Bengals 21, Ravens 10

September 24, 2001|By Brent Jones | Brent Jones,SUN STAFF

CINCINNATI - With a little more than six minutes left in the Ravens' 21-10 loss to the Cincinnati Bengals yesterday, quarterback Elvis Grbac took the snap, immediately rolled to his right and tossed a hurried incompletion in the direction of Qadry Ismail.

There was no five-step drop. No hanging in the pocket. Just an all-out bail by Grbac before his offensive linemen had a chance to get in their pass-protecting stances.

For the Ravens, that instance was not unique. Grbac spent much of the second half scrambling to his right away from pressure and either throwing the ball away or trying to force a completion with only half the field to work with.

"As a unit, we just have to handle some things better," center Mike Flynn said.

The offensive line again struggled to create room for running back Terry Allen early, then uncharacteristically struggled late fending off the Bengals' aggressive defense. Grbac was sacked twice and pressured countless other times.

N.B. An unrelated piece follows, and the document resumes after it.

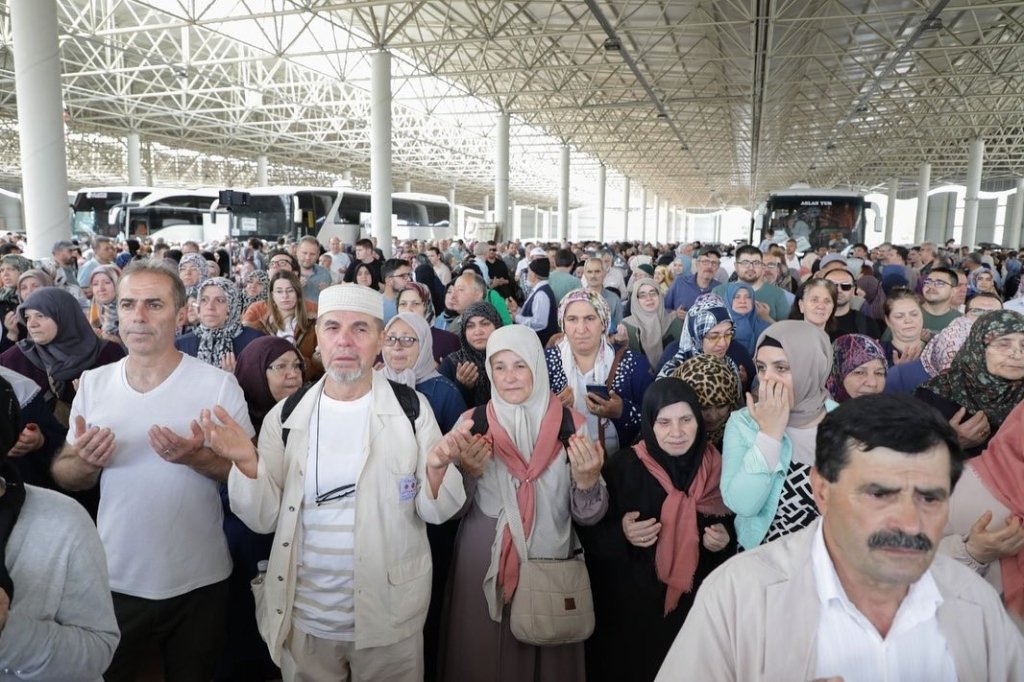 bilecik-haber_kutahya-da-haci-adaylari-kutsal-topraklara-ugurlandi-6248.jpg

"We just have to go back and look at the film," left guard Edwin Mulitalo said. "We have to go back and see if our blocking scheme wasn't right. We'll move forward. They played better today as a team."

Grbac attempted a career-high 63 passes, completing 33 for 326 yards, one touchdown and three interceptions. Such an extraordinarily high number of attempts are bound to create some pass protection problems, but the situation was compounded with another injury at right tackle.

Sammy Williams went down in the second quarter with a knee sprain, propelling Erik Williams into the lineup for his first game action as a Raven.

Erik Williams had not played in a game of any kind since December, and ended up in close to 60 offensive plays. The former All-Pro was signed to help with the loss of Leon Searcy, who will not be back for another month with a torn triceps suffered in the preseason.

The player next to Williams, rookie guard Bennie Anderson, had never played in a regular-season NFL game. Anderson replaced Kipp Vickers, who started the game but was ineffective, in the second quarter.

"I'd have to see if there was anything we could do better," Ravens coach Brian Billick said of his line play.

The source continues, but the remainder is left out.